Tax liens can affect more than your property

On Behalf of | Jun 21, 2019 | Tax Liens

Connecticut residents who fail to pay their taxes can face a number of penalties. Tax liens, for example, allow the government to make claims on property so, in the event the property is sold, the proceeds will go toward one’s tax debt. Those who think tax liens are kept private have another thing coming. They are a matter of public record and can affect far more than one’s property.

Tax liens are reported to credit agencies. This means that one’s credit score may drop and the ability to retain credit is significantly reduced. Information about tax liens or sales may be published, meaning one’s personal reputation may be jeopardized. Finally, a tax lien may show up on background checks, which can affect one’s ability to get a job.

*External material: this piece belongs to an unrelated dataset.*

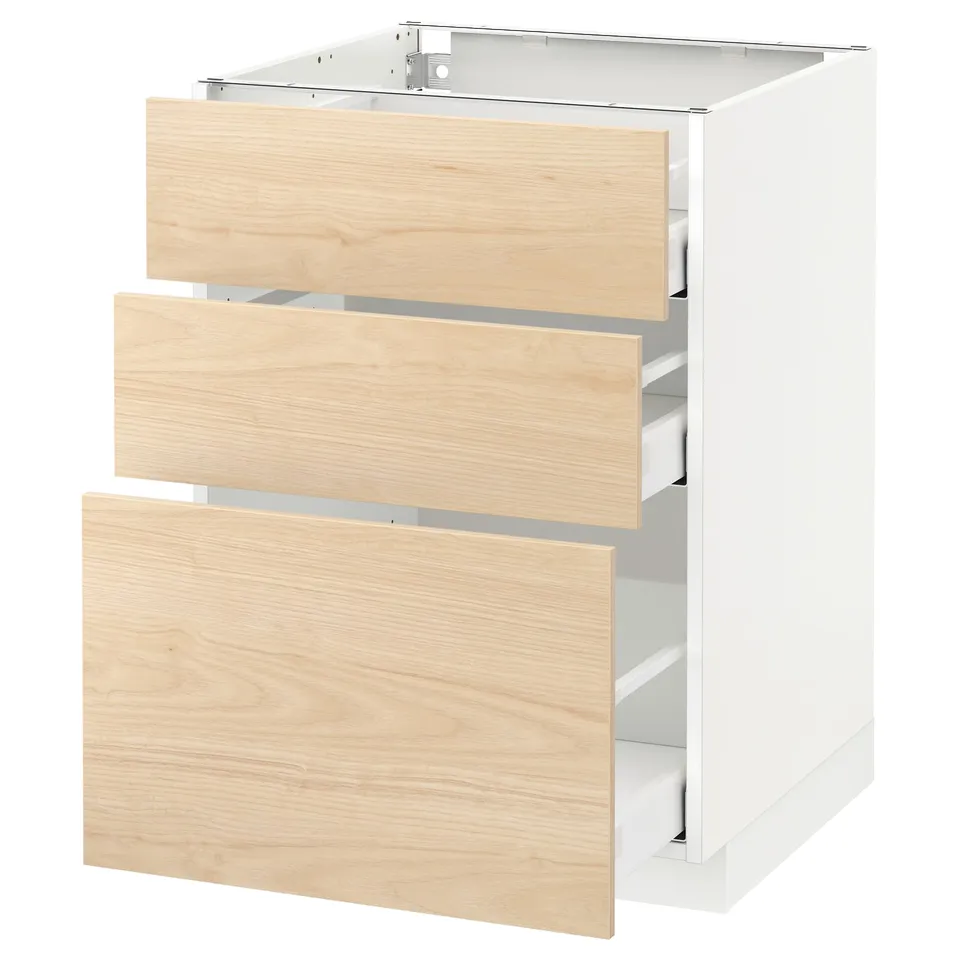 Modern kitchen unit with three light ash wood drawers, white frame, full-extension drawer runs.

What can people do if they find out they have tax liens on their property? First, find out how much tax is actually owed, and pay the debt in full — if possible. Second, work out a payment plan if necessary. Third, ask for the lien to be withdrawn so one can sell the property, but still agree to pay the amount owed. Finally, fourth, if the tax obligation has been met, but the lien remains on one’s credit report, contact the Internal Revenue Service of the state taxing authority to have it removed.

Tax liens are not anything that taxing authorities can place on property without warning. If a tax lien is threatened and then put in place, it is wise to take immediate action to get it removed. An experienced tax attorney may be able to help Connecticut residents with this.